Ma andiamo con ordine.
Londra, 5 novembre. Le più alte cariche inglesi sono pronte a radunarsi nella Camera dei Lord per l’annuale cerimonia di apertura del Parlamento. Bizzarra coincidenza: quello stesso giorno, nel 1605, Guy Fawkes aveva tentato la congiura delle polveri. Oggi qualcuno sta per emulare la sua impresa, con nuove rivendicazioni e armi assai più potenti.
Un gruppo di terroristi assalta la Camera e tiene in scacco i politici più potenti del mondo. Alcuni sono fisicamente in ostaggio nella Camera: la regina Elisabetta, il principe Carlo, ministri e capi spirituali. Altri sono rimasti fuori, ma rischiano di perdere qualcuno di molto prezioso all’interno: la presidentessa degli Stati Uniti per esempio, che ha il figlio tra gli ostaggi. Le richieste dei terroristi sono chiare: o l’Occidente libera uno dei loro capi, da poco catturato, o si faranno saltare in aria insieme alla Camera e i loro prigionieri.
Le ore successive saranno una corsa contro il tempo per cercare di capire cosa o chi si cela dietro all’attentato e per salvare gli ostaggi.

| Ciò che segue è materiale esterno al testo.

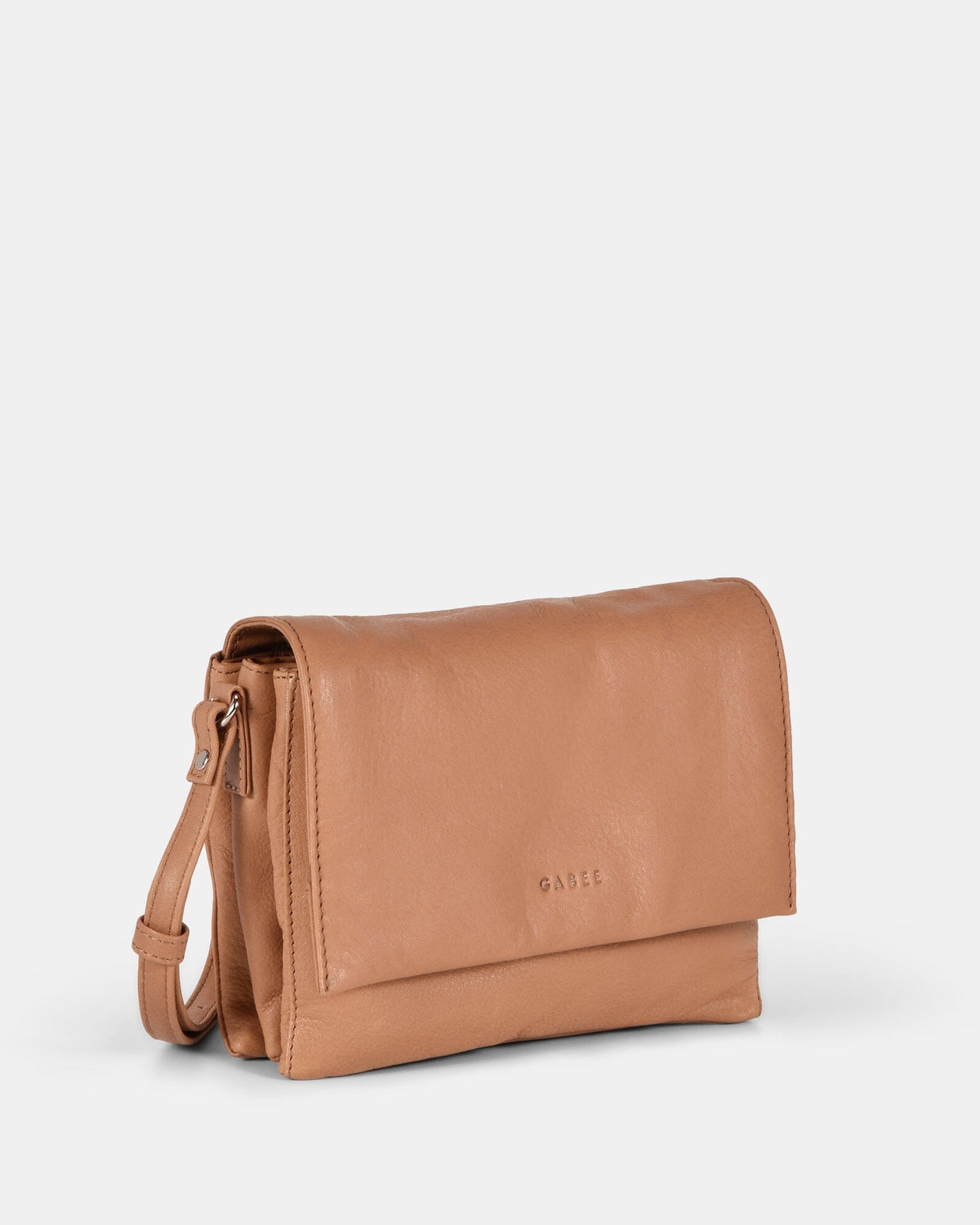 Eloise Leather Crossbody Bag - Camel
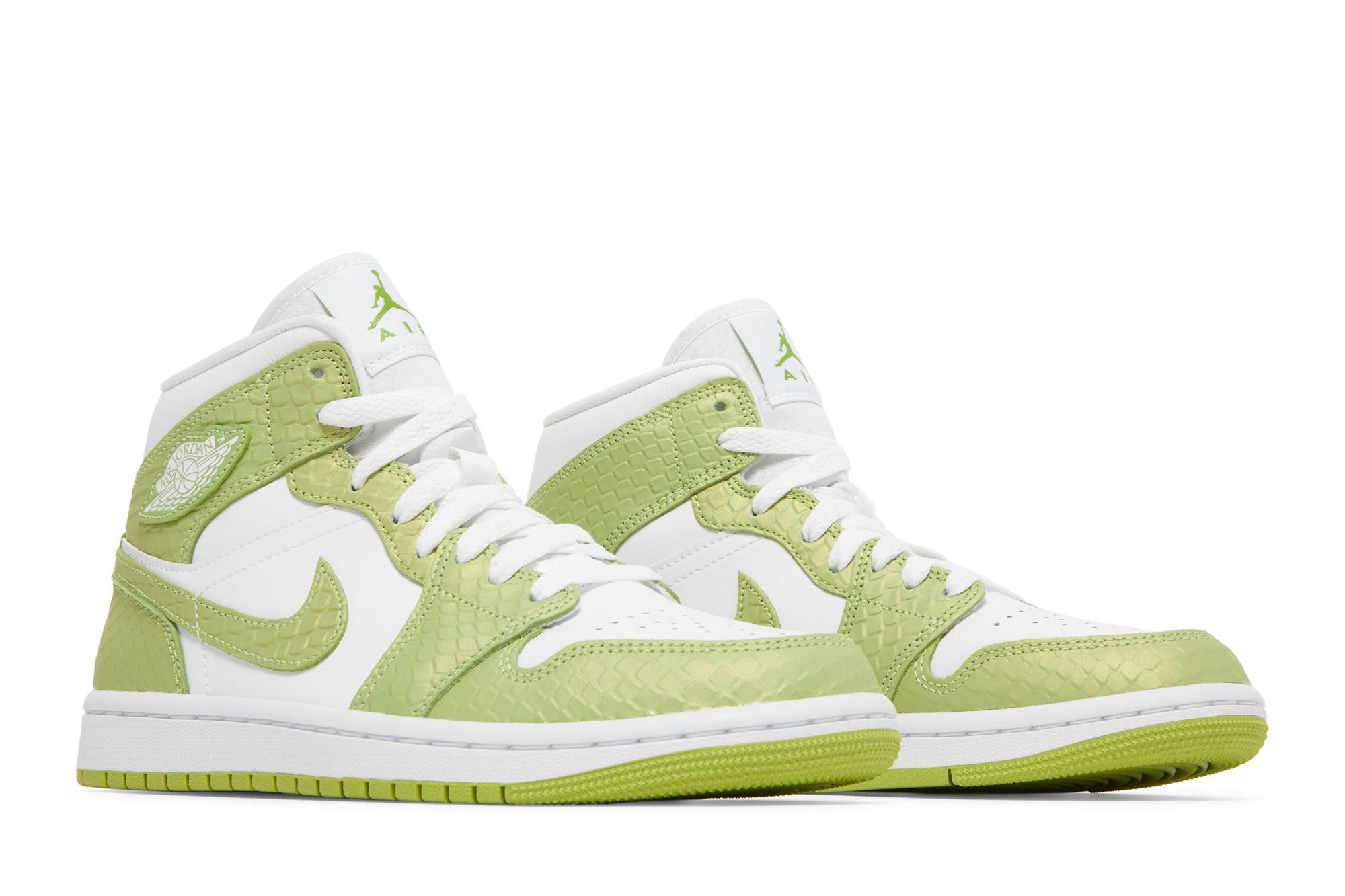 Wmns Air Jordan 1 Mid SE 'Green Python' - 8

La parola d’ordine è ritmo. Sin dal primo capitolo il punto di vista cambia ogni poche pagine, presentando i personaggi già immersi tutti nei propri conflitti, destinati a unirsi in quello principale dell’attentato. Decisamente (e per fortuna) non un romanzo in cui l’apertura si fa aspettare: qui la scena è già aperta, sei tu ad essere in ritardo. E la scrittura di Dobbs ti incalza per recuperare terreno.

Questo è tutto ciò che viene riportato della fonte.